For many organizations, cybersecurity can be one of those important topics that unfortunately gets lost in other company priorities. As the explosion of apps, IoT and mobile users bring about countless possibilities for a cyber-attack, today’s savvy organizations understand that a breach is more of a ‘when’ than an ‘if’.
So in this post, we unravel your critical cybersecurity questions.
What is Cybersecurity?
Look online and you’ll find many different ways to describe cybersecurity. It’s relatively all-encompassing, but the main objective is the protection of data. At the heart of the matter is people, process and technology.
The most important thing to know is what security professionals learn on the road to professional certification: cybersecurity is all about protecting the confidentiality, integrity, and availability of information. These three core elements represent the C-I-A triad (not to be confused with the other CIA).
Cybersecurity ensures that data is only seen by who it’s meant for (confidentiality), that it is not modified or deleted by an unauthorized third party (integrity), and it is accessible to anyone who needs it (availability).
As most of our data is connected to the Internet in some way, the definition of cybersecurity has evolved from the information security designation to include defending data and other devices against hackers, or what professionals call bad actors (not to be confused with an unconvincing thespian).
Why Is Cybersecurity Important?
With more data and devices connected to the Internet than ever before, the importance of cybersecurity for any business is escalating. Whether we like it or not, security needs to be top of mind for everyone in your company from the top down. All employees, especially at the executive level, must be aware of what threats exist and how to properly mitigate risk.
Cybersecurity is all about managing risks such as regulatory risks, reputation risks, and financial risks. By managing risks properly, we can build and maintain trust with stakeholders — such as authorities, customers, shareholders, and management — by ensuring that data is protected.
Perhaps the most powerful reason why cybersecurity is important boils down to the human element. After learning about the CIA triad, security professionals quickly learn that humans are the weakest link in the cybersecurity chain.
Especially in today’s constantly connected world, we are making split-second decisions on our devices — both at home and at work — all the time. Hackers and bad actors know this and rely on us to make decisions to either click on something we shouldn’t or divulge privileged information.

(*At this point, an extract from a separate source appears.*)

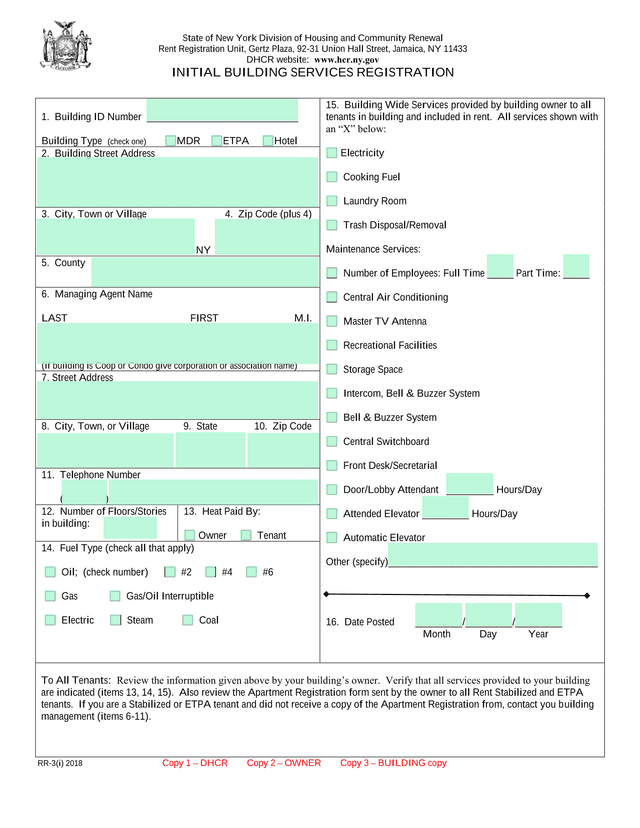 RR 3(I) Building Registration Form screenshot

We have so much to do in our workday and multi-task by carrying out tasks on countless apps, websites, services, and devices. Unfortunately, cybersecurity is the last thing on our minds as we make our day-to-day and minute-to-minute decisions. When security mechanisms get in the way, too many of us neglect it.
Far too many companies have suffered serious damage due to a data breach; the most recent example being the Marriott attack, in which data belonging to 500 million customers was stolen.

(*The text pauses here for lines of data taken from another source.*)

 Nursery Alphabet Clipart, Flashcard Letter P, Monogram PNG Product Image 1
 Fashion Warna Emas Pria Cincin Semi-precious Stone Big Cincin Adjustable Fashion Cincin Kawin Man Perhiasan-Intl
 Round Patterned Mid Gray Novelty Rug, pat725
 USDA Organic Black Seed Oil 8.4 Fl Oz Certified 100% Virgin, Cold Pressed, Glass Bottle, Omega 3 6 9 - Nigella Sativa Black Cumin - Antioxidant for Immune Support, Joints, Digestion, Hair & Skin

There has never been a greater need for a security-first mindset across your business or enterprise. Our data, our information and our assets are vulnerable and need to be protected with robust security controls, standards, and strategies. However possible, promoting security awareness in your organization is essential.
Types of Cybersecurity
As we touched on earlier, cybersecurity is wide-ranging in scope. To help break things down, there are four essential elements of cybersecurity you need to be aware of.
This is probably the most specific type of cybersecurity and primarily covers software. Application security is the control activity used to ensure software applications are protected at all stages of their lifecycle – design, development, deployment, maintenance, upgrade, and retirement.
An example of this would be when you add functionality to your software that would prevent threats, attacks, and breaches.
Mobile application security is also included in this definition.
Branching out a little further, we have network security, which covers access and rights to your network and its resources. Network security is there to protect any internal network infrastructure.
Logins, passwords, access rights, VPNs, and firewalls are all examples of what is used to protect the network.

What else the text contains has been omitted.